La ex Miss Asturias +30 2017 explicó en la fase de investigación que conoció a Ábalos en un mitin en Gijón, se presentó a él, le explicó su situación y le pidió que la ayudara a encontrar trabajo. Él, que también tuvo que responder por este asunto en el marco de la investigación, explicó que se trataba simplemente de un favor a un activista socialista. A partir de entonces aseguró que se relajó y dejó el asunto en manos de su confidente, su asesor ministerial Koldo García.
La Unidad Central Operativa (UCO) de la Guardia Civil sospecha que fue contratada «ilegalmente» en Logirail por la «influencia» de Ábalos y con la «colaboración relevante» de su asesor. Afirmó que todo era legal: pasó un proceso de selección y trabajó, a diferencia de Jessica Rodríguez. De los mensajes de WhatsApp intercambiados con García se desprende que la relación laboral tuvo altibajos y que la ex consultora tuvo que intervenir, primero para trasladarla a una oficina cercana a su casa y luego para evitar que la despidieran.
Este miércoles también están previstas las declaraciones de algunos de los directivos de Montes durante su etapa en Logirail, entre ellos sus superiores en Renfe y Adif, empresas con las que estaba vinculado su contrato.
Y tras la sesión anterior, responsables de Ineco y Adif seguirán declarando sobre la participación y actuación de Rodríguez. En el juicio, la joven confirmó lo que ya le había confesado al instructor, que fue contratada gracias a Ábalos y los hermanos García y que recibió una remuneración tanto de Ineco como de Tragsatec, pero que no pudo realizar ningún trabajo porque estaba esperando instrucciones precisas de Koldo y Joseba García sobre qué hacer y nunca las recibió. Ábalos era consciente de ello, aseguró.
En la sesión inaugural, algunos empleados de Ineco y Tragsatec ya dijeron que Rodríguez formaba parte de sus funciones.
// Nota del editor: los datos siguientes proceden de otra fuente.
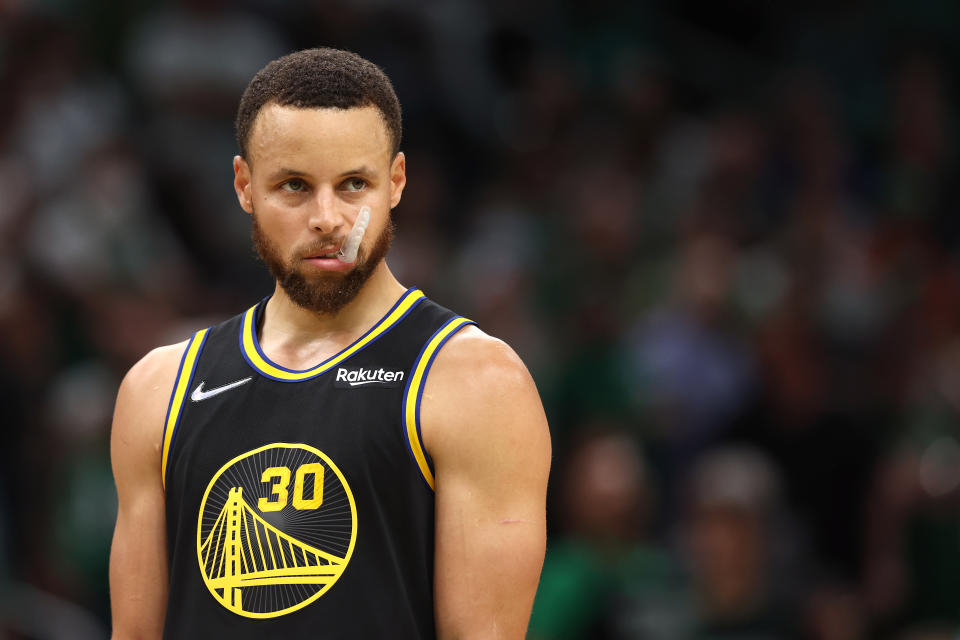 Golden State Warriors star Stephen Curry looks on in the fourth quarter against the Boston Celtics during Game 3 of the 2022 NBA Finals at TD Garden in Boston, on June 8, 2022. (Maddie Meyer/Getty Images)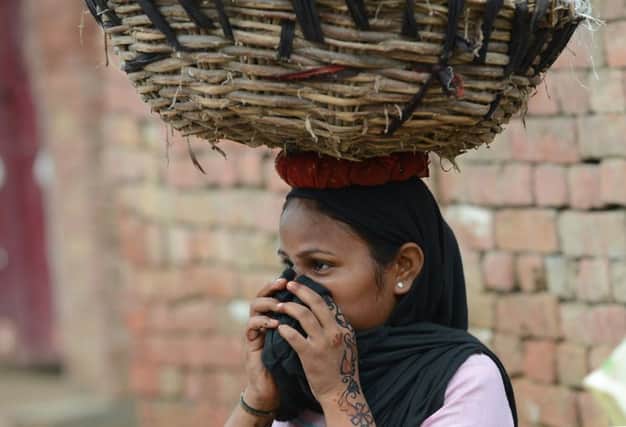 One of Indias lowcaste scavengers covers her face as she carries away a basket of human excrement on her head. Picture: Getty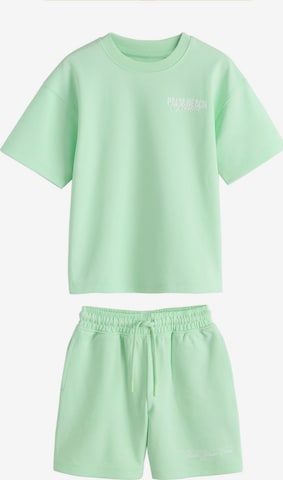 Next Set i grön: framsida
Ana Araceli Arigita, que participó en el proceso de selección de Ineco, ha afirmado que con Rodríguez no se siguió el procedimiento habitual. Afirmó que se había saltado una entrevista que normalmente sería esencial para un mayor desarrollo de la contratación. Virginia Barbancho, su supervisora en Tragsatec, relató que inmediatamente dio la alarma porque se dio cuenta de que no estaba trabajando. Primero recibió la noticia de que era «sobrina» del ministro, y luego Ignacio Zaldívar, entonces alto cargo de Adif, la llamó para decirle que «dejara» en paz a la joven.